Die Volkswirte erwarten im Schnitt für 2006 ein Wachstum von 1,7 Prozent, das sich 2007 auf 1,0 Prozent verlangsamen werde, wie aus der am Dienstag veröffentlichten Reuters-Quartalsumfrage hervorgeht . Die 23 befragten Analysten gehen davon aus, dass zum Jahreswechsel die Mehrwertsteuererhöhung die Inflation um gut einen Prozentpunkt anhebt und dem private Konsum einen kräftigen Rückschlag verpasst. Deshalb dürfte die Wirtschaft im ersten Quartal 2007 sogar schrumpfen. Für das laufende Jahr sind die Experten jedoch noch etwas optimistischer als in der vorangegangenen Quartalsumfrage. Der Export dürfte weiter zulegen und die Arbeitslosigkeit langsam zurückgehen.
MEHRWERTSTEUERERHÖHUNG - KURZE STÖRUNG ODER LANGE KRISE?
Die Bedingungen für einen Aufschwung sind nach Ansicht von Ulrike Kastens von Sal.

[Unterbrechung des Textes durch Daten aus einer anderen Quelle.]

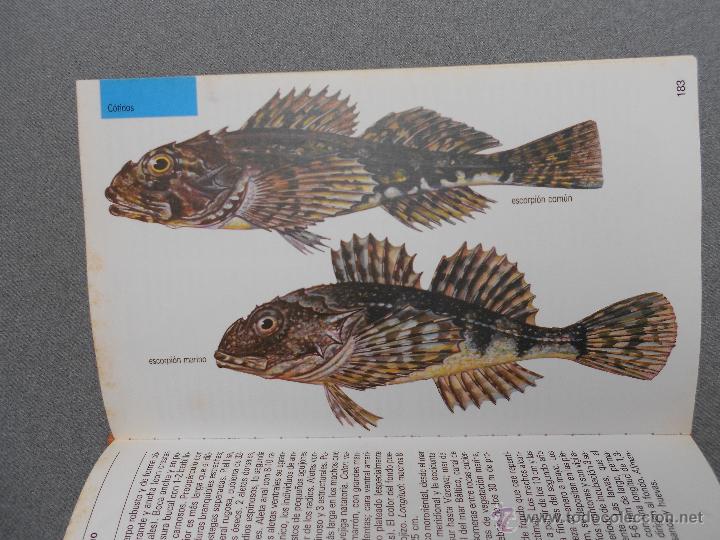 Libros de segunda mano: GUIA DE LA NATURALEZA BLUME. PECES DE MAR - Foto 8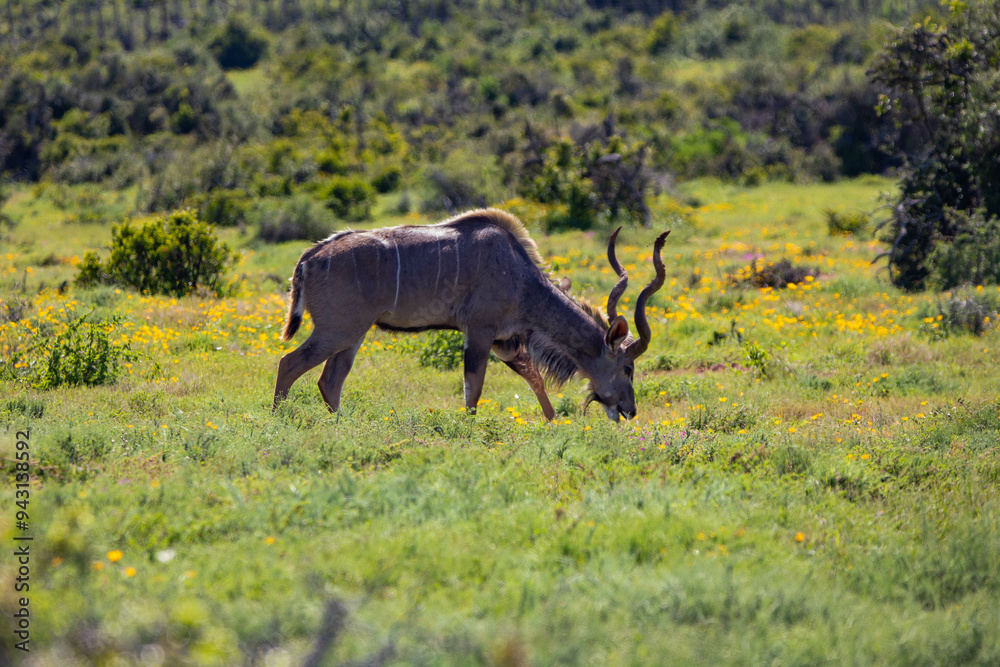 Naklejka premium Antilope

Oppenheim gut: Die Weltwirtschaft bleibe 2007 robust, das Zinsniveau sei nach wie vor niedrig, die Unternehmen seien solide aufgestellt und würden wieder investieren. "Nicht nur von den Ausrüstungsinvestitionen, sondern auch vom privaten Verbrauch kommen Signale einer leichten Belebung."
Die Mehrwertsteuererhöhung dürfte die Erholung der deutschen Wirtschaft aber erheblich ins Stocken bringen. Die Experten sind sich jedoch uneins, welche genauen Folgen sie haben wird: Die Schätzungen für den Anstieg der Inflation am Jahresanfang 2007 reichen von 0,6 bis 1,7 Prozentpunkten, für den Rückgang beim privaten Konsum von 0,8 bis 3,4 Prozentpunkten. Besonders im Schlussquartal diesen Jahres dürften die Verbraucher ihre Ausgaben jedoch kräftig steigern. "Das ist nur eine kurzfristige Hin- und Herbewegung, angestiftet von der Mehrwertsteuer", sagte Adolf Rosenstock von Nomura. Im Jahreswachstum des Bruttoinlandsprodukts (BIP) sei dies kaum noch zu sehen.
AUFSCHWUNG ERREICHT BINNENWIRTSCHAFT
Auch die Prognosen für das BIP-Wachstum 2007 variieren erheblich: Während die Deutsche Bank von einer Stagnation ausgeht, prognostiziert Nomura International 1,9 Prozent Wachstum. Nomura-Analyst Rosenstock sieht vor allem in der guten Stimmung der Unternehmen Grund zum Optimismus: "Es wird wieder Wachstum gedacht und geplant, dann wird er auch irgendwann ausgeführt." Die positiven Konjunktursignale seien auf die inländische Wirtschaft übergesprungen. Für die Industrie erwarten die Analysten eine Ausweitung der Produktion um 3,5 Prozent 2006 und 2,0 Prozent im nächsten Jahr, und für die Arbeitslosigkeit einen Rückgang der Quote von 11,2 Prozent 2006 auf 10,8 Prozent 2007. Rosenstock erwartet davon auch Impulse für den Konsum: "Das gibt jetzt endlich die Multiplikatoreffekte, auf die wir fünf Jahre lang vergebens gewartet haben."
Die Exportdynamik wird nach Ansicht der Experten dank der starken Weltwirtschaft im Laufe der beiden Jahre nur langsam nachlassen - 2006 dürften die Ausfuhren um 6,9 Prozent zulegen, 2007 um 4,7 Prozent. Die Einfuhren legen der Umfrage zufolge 2006 um 7,1 Prozent zu und im kommenden Jahr um 4,1 Prozent.